78. 王太子の威厳 1
ライリーたちが王立騎士団ヘガティたちの来訪を知る半日前、王都近郊に集っていた騎士たちは複数に分かれて王都へと足を踏み入れていた。ヘガティは眉根を寄せる。
「随分と静かだな」
その疑問に答えたのは、斥候として先に王都の様子を探っていた騎士だった。
「大公派の治安部隊の素行はあまり宜しくありませんでしたから――尤も一部だけですが。貴族も庶民もあまり出歩こうとはしなくなったのでしょう」
「つくづく傍迷惑な奴らだ」
ヘガティは顔を顰める。一部の傍迷惑な治安部隊は、宿舎として屋敷の一部を貸し出すよう、低位の貴族に横暴な振る舞いをしているとも聞く。
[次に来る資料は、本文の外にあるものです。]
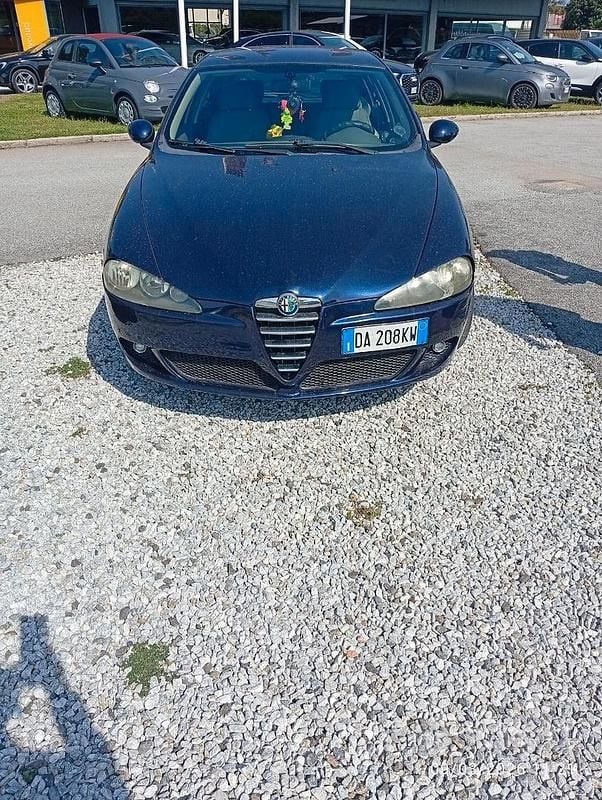 Usata Alfa Romeo 147 2006 Blu Utilitaria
治安部隊の癖に治安を悪くするような所業をするとは何事かと思うのだが、大公を支持している貴族やその係累にとっては自分以外の低位貴族や庶民など、使い捨ての道具にしか見えていないのだろう。
しかし、ある意味ではヘガティたちにとって僥倖だった。仮に治安部隊と出くわし衝突したとしても、一般人への被害は最小限に抑えられるだろう。
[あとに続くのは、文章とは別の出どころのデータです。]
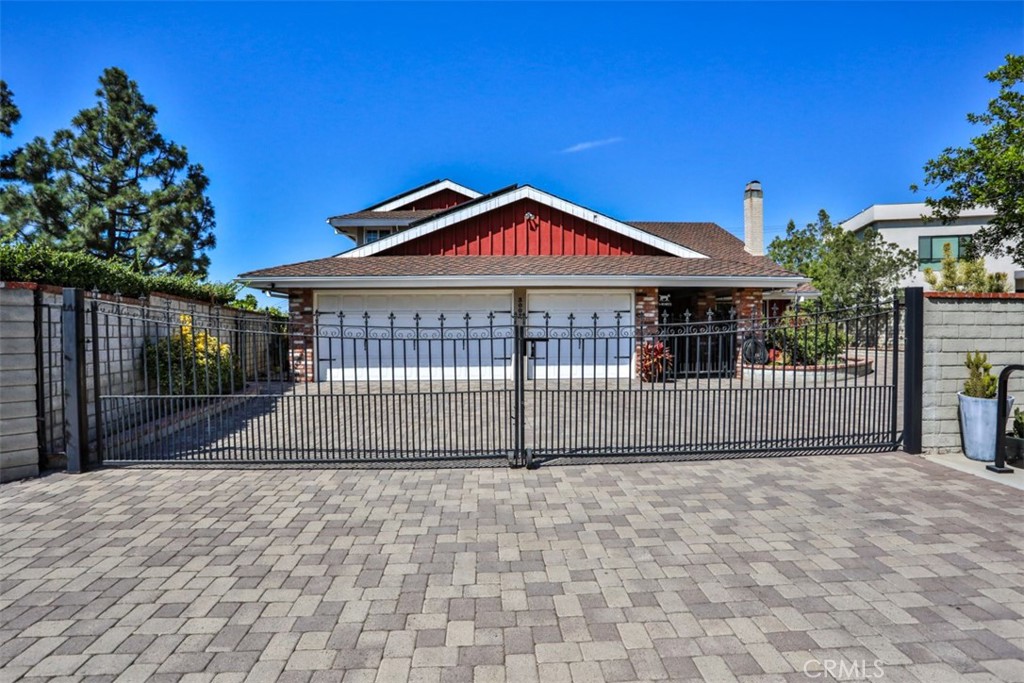 3003 Mesa Verde Drive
とはいえ、先に潜入したオルガたちが上手くやったのか、治安部隊の姿は見えない。この分だと取り立てて大きな争いなく王宮に辿り着けそうだ。
尤も最後まで油断はできないが、想定より早く王太子たちと合流できるに違いない。
「早めに、先発隊とは合流したいが」
「先発隊も仕事が終われば王宮に潜入することになっていますから、すれ違うことはないでしょう」
「――そうだな」
部下の言葉にヘガティは頷いた。計画通りであればその通りだが、オルガの様子はどうにも気がかりだ。ヘガティたちと、オルガの目的は異なっている。途中までは道を共にした方が良いと分かっているから手を組んだものの、王太子を助け大公派を挫くという目的を持つヘガティとは異なり、オルガは王太子のことなどどうでも良いと思っている節がある。
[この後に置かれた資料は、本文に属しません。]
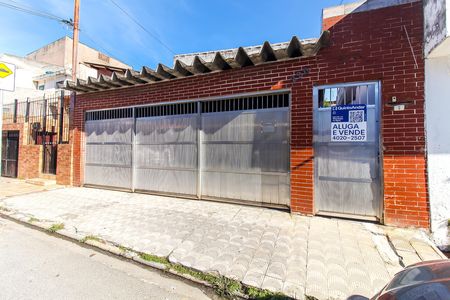Casa à venda com 208m², 4 quartos e 3 vagasFachada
オルガが今回助けたいと思っているのは、大公派に捕らわれているらしい彼女の主リリアナ・アレクサンドラ・クラークだ。オルガの様子を見る限りリリアナが王宮に居ると考えているようだが、リリアナが見つからない限り、オルガはヘガティたちと行動を共にしようとはしないだろう。
「まぁ良い。遅れた者は置いて行くだけだ」
「は」
ヘガティは自分の中にある迷いを断ち切るように、低く呟いた。隣に立つ騎士は自分に話し掛けられたかと思ったのか、表情を引き締めて頷く。
そしてヘガティが予想した通り、特に治安部隊と出くわすこともなく一行は王宮へと着実に足を進めた。道半ばで、クライド・ベニート・クラークから王宮の大公派を鎮圧したという連絡が入った後も、当然治安部隊と相見えることはない。そして推測通り、王宮で他の仲間たちと合流した時も、オルガの姿だけがそこにはなかった。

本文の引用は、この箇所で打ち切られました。